Kalau pembentukan Negekeo dan Manggarai Timur hanya akan melahirkan banyak raja kecil, orang kaya baru, betapa perjuangannya sia-sia. Kalau pembentukan Nagekeo dan Manggarai Timur hanya memperlebar peluang pejabat mementingkan pembelian mobil baru daripada meningkatkan kesejahteraan rakyat, betapa perjuangannya hampa manfaat. Kalau pembentukan Nagekeo dan Manggarai Timur hanya melahirkan banyak koruptor baru, betapa semua janji muluk politis cuma jadi kebohongan.
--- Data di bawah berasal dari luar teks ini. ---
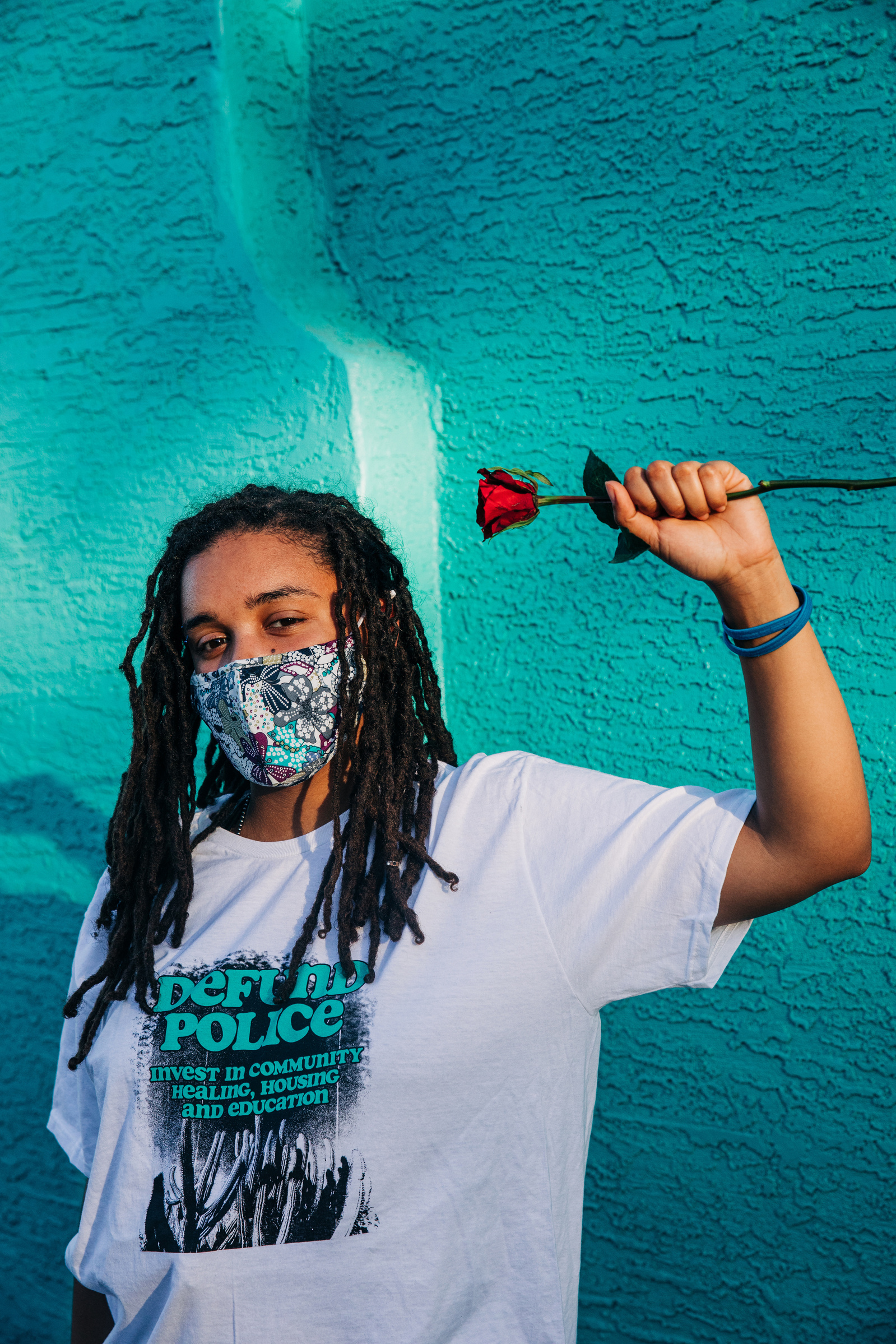 Zarra Teacola, organizer with Black Lives Matter Phoenix Metro wears a shirt designed by Phoenix artist Justine Juju García at a mural event organized by a coalition of artists and organizers to bring artist Giovannie Dixon (JUST) to create a mural to mem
Kita mendukung pembentukan Nagekeo, Manggarai Timur, dan lain-lain yang mungkin menyusul. Namun tidak dengan anggapan konyol bahwa pemekaran otomatis membuat rakyat lebih sejahtera. Kita pantas mewanti-wanti, pemekaran wilayah bisa membuka peluang bagi pemekaran korupsi. Daerah baru melahirkan koruptor baru. Telah banyak daerah pemekaran memperlihatkan hasil seperti ini.
Di sisi lain, ada juga satu dua daerah yang memperlihatkan hasil yang baik. Solok di Sumatera Barat, misalnya, relatif maju, pelayanan dasar dipenuhi segera, korupsi rendah karena masyarakat aktif mengontrol pejabat. Contoh lain dengan model layanan terbaik adalah Gianyar, Sragen, dengan model one stop service untuk menghindari pungli dan korupsi.
Sayang, di NTT belum ada contoh yang bagus. Lembata dan Manggarai Barat bukan contoh yang baik. Apakah nanti daftarnya ditambah lagi dengan Nagekeo dan Manggarai Timur?